Description
A brave new novel that sensitively explores one woman’s experience of sexual violence and the silencing of those who feel compelled to speak out.
What happens when a young woman enters a city apartment early morning, with two footballers? Jordi Spence is sixteen years old and lives in outer Melbourne. By daybreak, her world has shifted. Max Carlisle, a troubled AFL star, can’t stop what comes next. And Ruby, a single woman from the apartment block, is left with questions when she sees Jordi leave.

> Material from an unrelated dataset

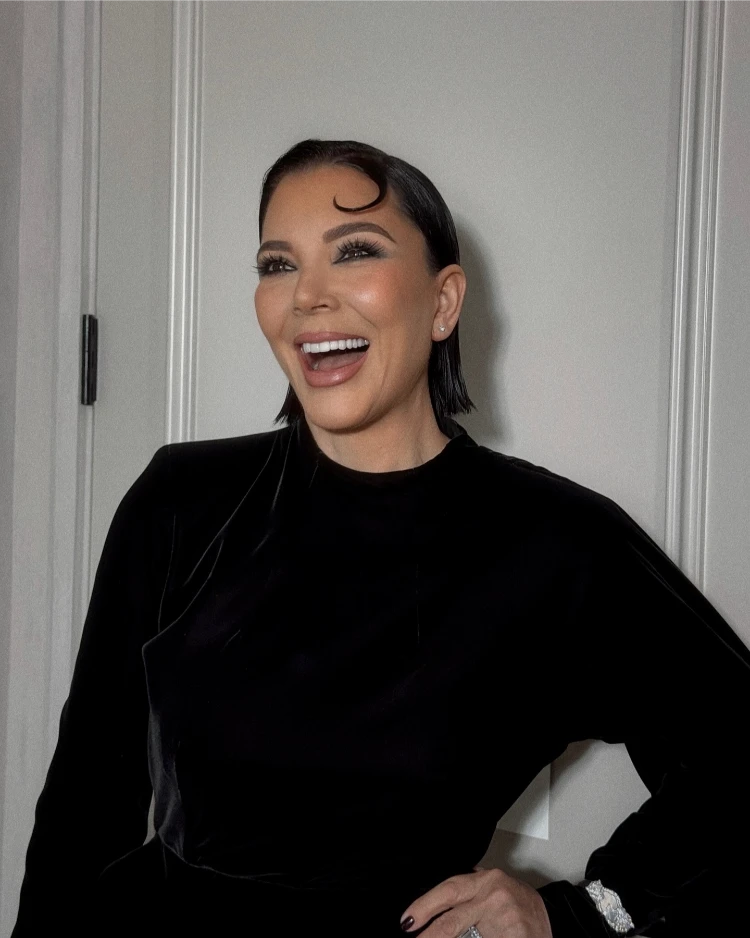 kris jenner slicked back mid length bob retro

In this remarkable novel, Rachel Matthews captures the characters of Jordi and her family, the players, and the often loveable inhabitants of a big city with a deceptive lightness of touch that seduces the reader. Siren reveals the often unnoticed life of a city while simultaneously drawing us deep into a dark and troubling world. What happens has an unexpected effect on all those who are both directly and indirectly involved.
The result is a powerful and haunting novel about cultural stereotypes and expectations, love, loneliness, family and our struggle to connect. In so many ways, Matthews subtly sounds the siren on sexual violence and its prevalence in our culture.
‘Siren is the type of novel we should be reading if we are seriously going to tackle the issue of discrimination and sexual violence in our culture. While the story and treatment of a character like Jordi reflect recent cases of sexual violence surrounding football clubs, I was equally struck by issues of domestic and sexual violence more widely pervading Australian society. And while the AFL is something of a closed shop when it comes to protecting its brand, it is also a reflection of other institutions, workplaces and family situations. Therefore, anyone reading this novel will be aware of similar instances of exploitation, cover-ups and ‘blaming the victim’ that Jordi suffers. Siren is a gritty and honest novel in its depiction of sexual violence against young women. It deals with the experience and aftermath of violence that neither sanitises the experience physically or psychologically. This is an important work.’
Tony Birch, author of Ghost River and The Promise.